[YOUR OBJECTIVE]: Could you repeat exactly the lines from the one containing "731 W Mountain" through the last line of the records, with no pictures?

[RECORDS FOR THE EXERCISE]:

━━━━━━━━━━━━━━━━━━━━

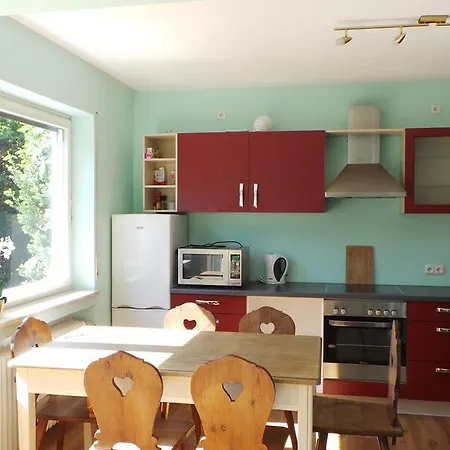 Yeti Lux - Art 加爾米施-帕滕基興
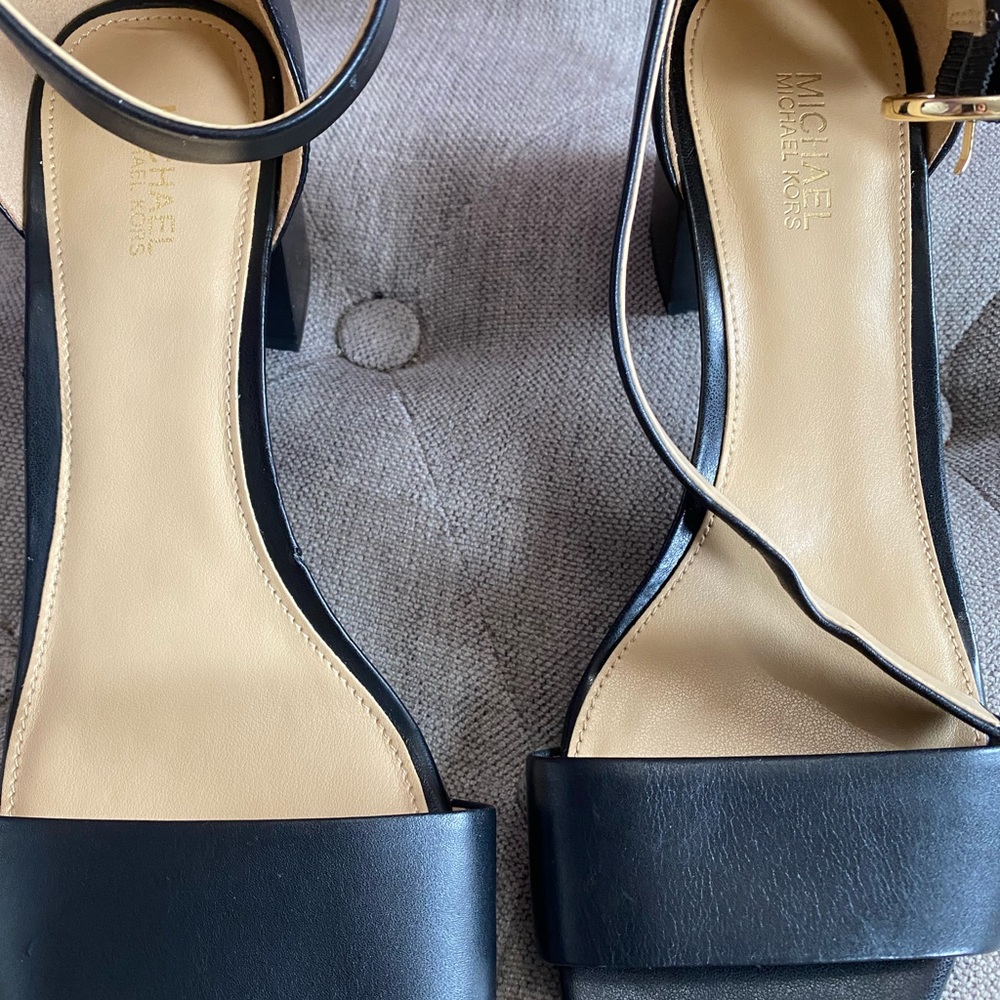 Michael kors sandals little use super comfortable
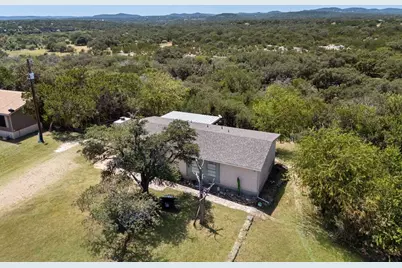 731 W Mountain View Dr, Lakehills, TX 78063 - Photo 32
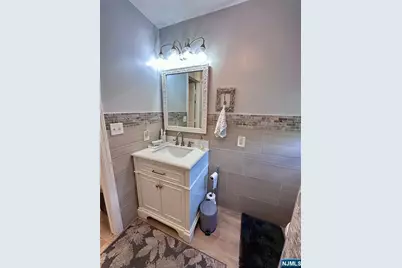 13 Oak Street, Wanaque, NJ 07420 - Photo 8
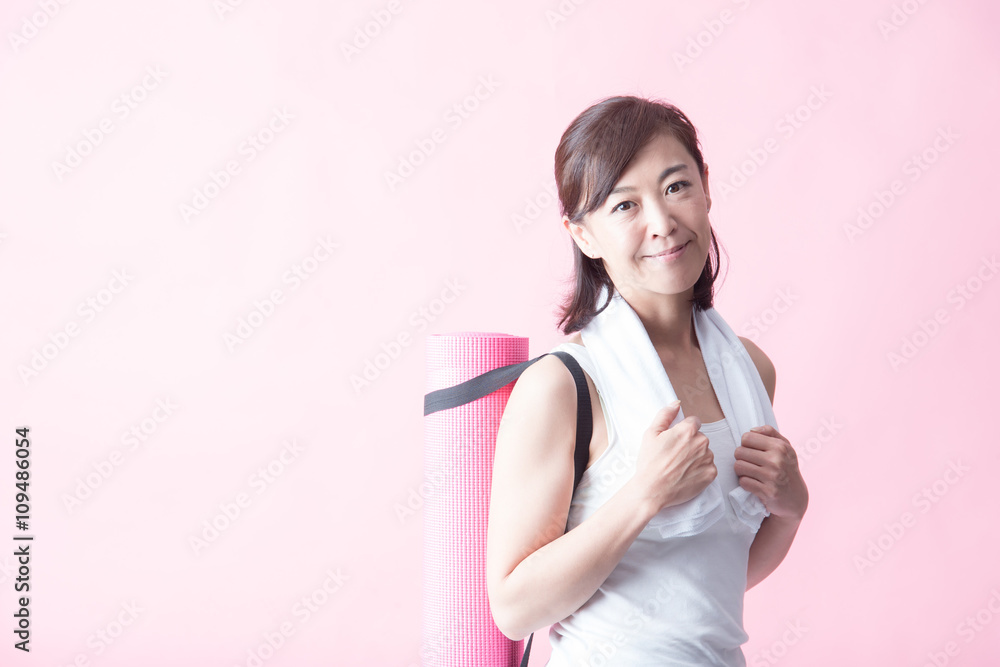 スポーティー・ミドル女性(ピンクバック)
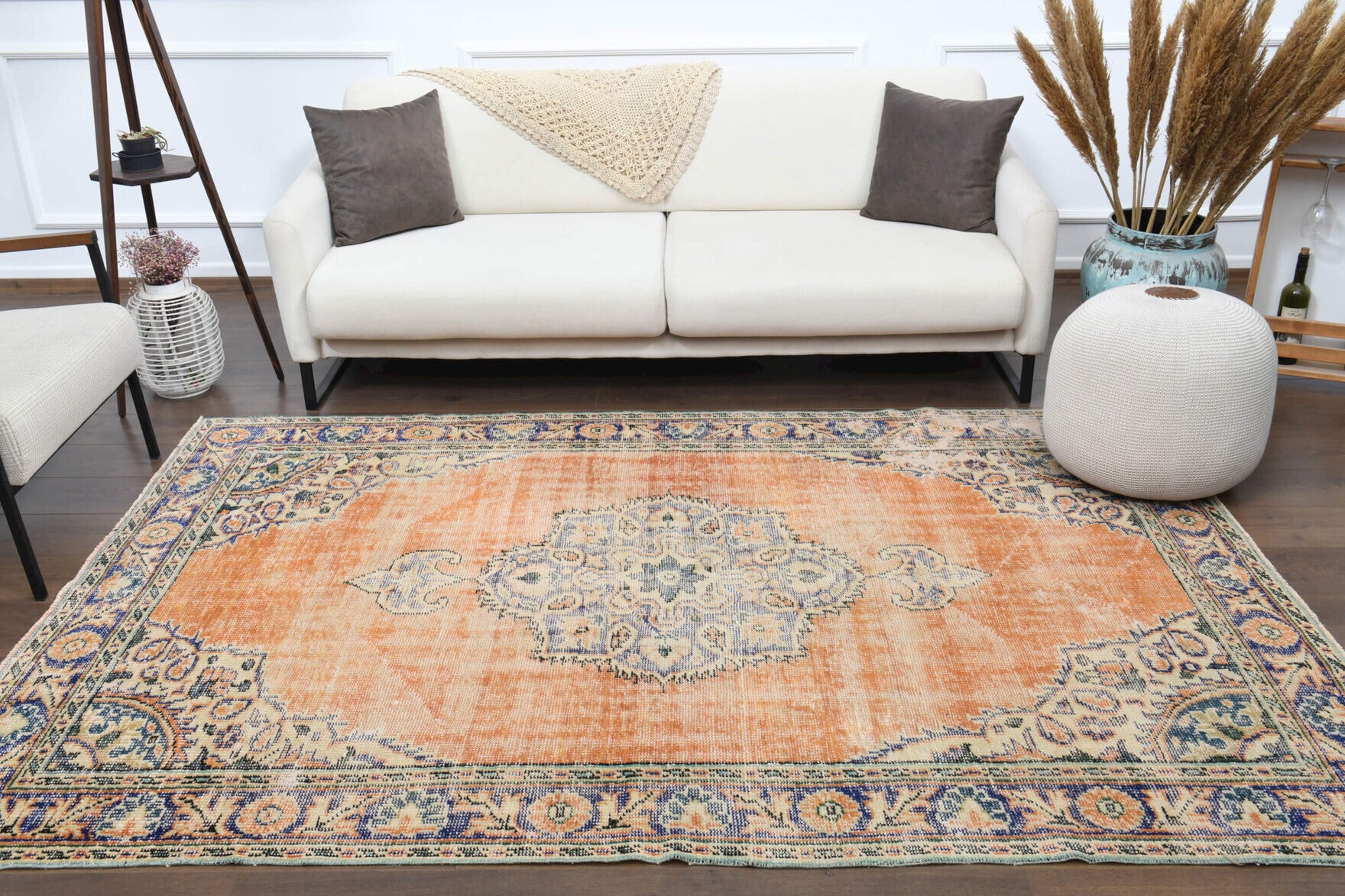 Oriental Vintage Anatolian Area Rug in wool – 1970s piece from Anatolia, Turkey | Fame Rugs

━━━━━━━━━━━━━━━━━━━━

[SOLUTION]:
 731 W Mountain View Dr, Lakehills, TX 78063 - Photo 32
 13 Oak Street, Wanaque, NJ 07420 - Photo 8
 スポーティー・ミドル女性(ピンクバック)
 Oriental Vintage Anatolian Area Rug in wool – 1970s piece from Anatolia, Turkey | Fame Rugs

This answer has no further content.